Please transcribe the data below in full, word for word, without the images.
*** Material supplied ***
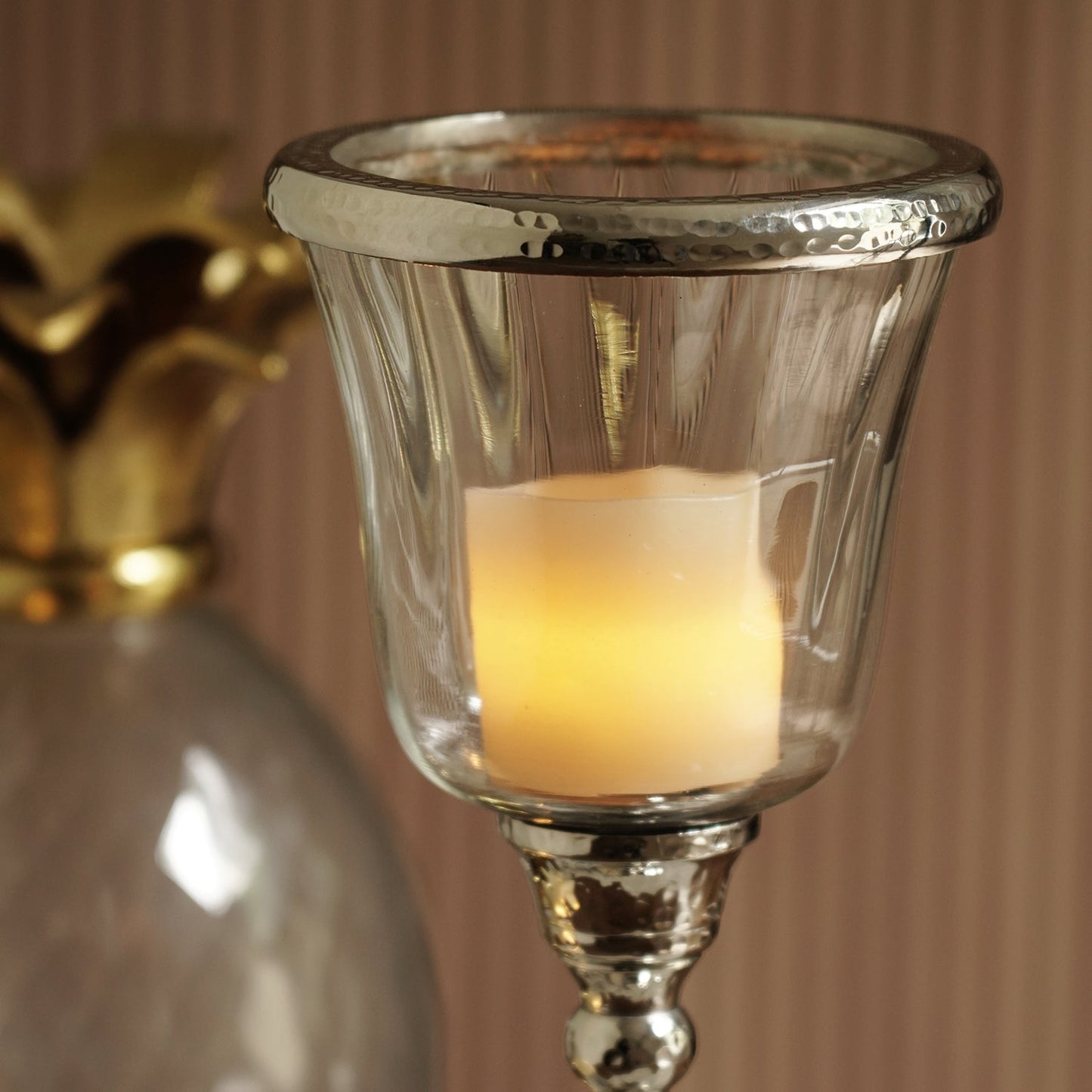 Silver Hurricane Candle Holder With Stand - Small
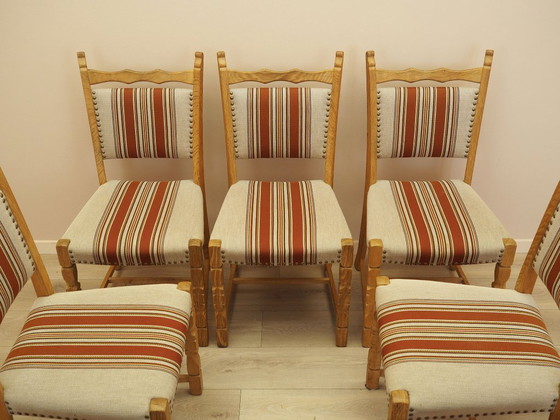 Set di Sedie da Pranzo di Henning Kjærnulf, Struttura in Rovere Massiccio, Danimarca, anni '60 – Textile (photo 4 of 13)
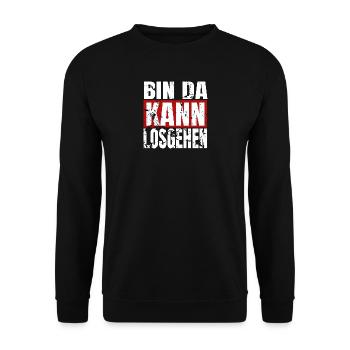 Party Spruch Humor Bin Da Kann Losgehen - Unisex Pullover - Schwarz - Vorne - Alina (178cm) & Michal (187cm)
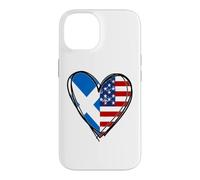 Drapeau américain de l'Écosse en Forme de cœur avec Inscription « Proud to Be Scottish American » Coque pour iPhone 14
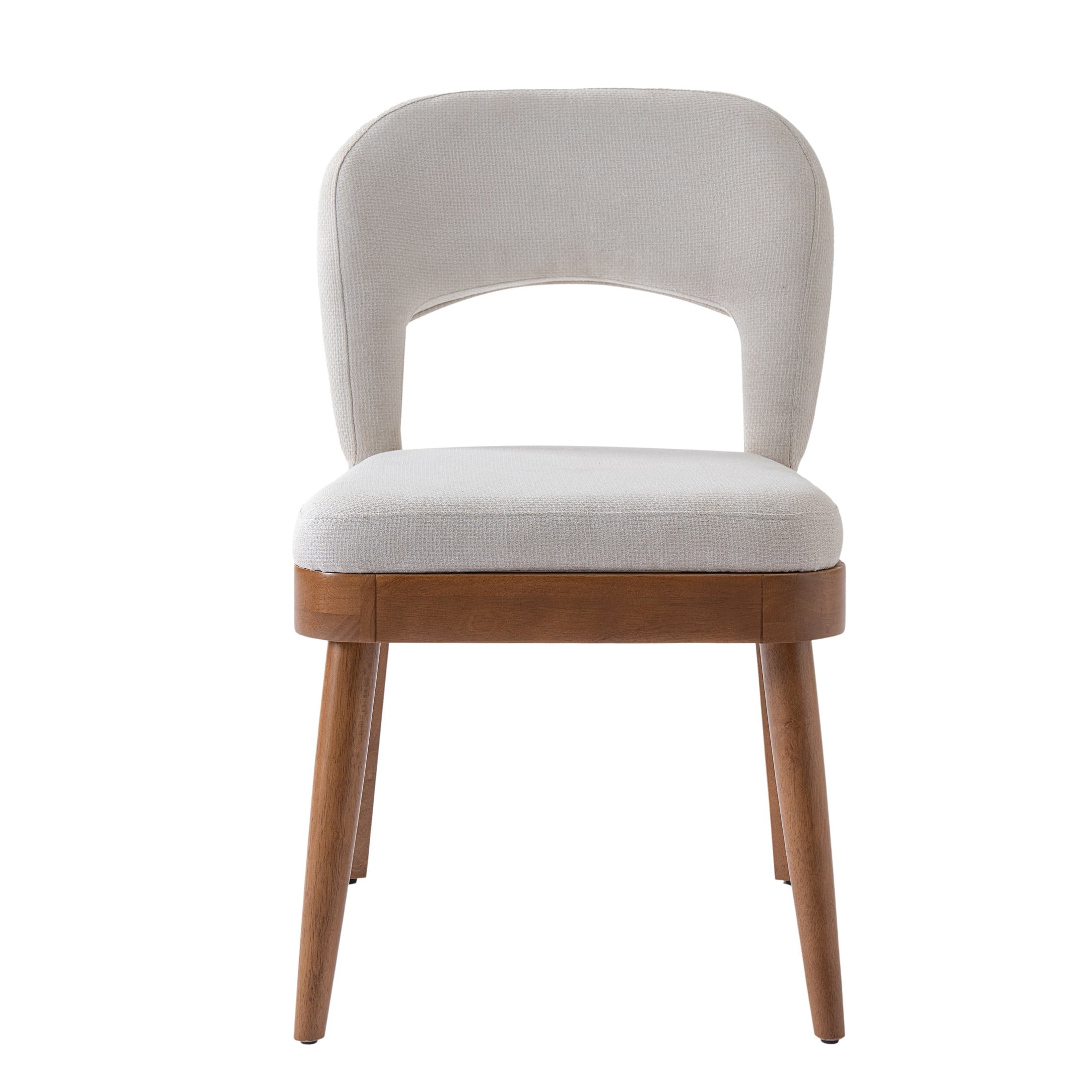 Christopher Knight Home Modern Armless Dining Chairs with Hollow Back, Wood Frame, Beige+Walnut, Set of 2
***
-- Task answer --
 Silver Hurricane Candle Holder With Stand - Small
 Set di Sedie da Pranzo di Henning Kjærnulf, Struttura in Rovere Massiccio, Danimarca, anni '60 – Textile (photo 4 of 13)
 Party Spruch Humor Bin Da Kann Losgehen - Unisex Pullover - Schwarz - Vorne - Alina (178cm) & Michal (187cm)
 Drapeau américain de l'Écosse en Forme de cœur avec Inscription « Proud to Be Scottish American » Coque pour iPhone 14
 Christopher Knight Home Modern Armless Dining Chairs with Hollow Back, Wood Frame, Beige+Walnut, Set of 2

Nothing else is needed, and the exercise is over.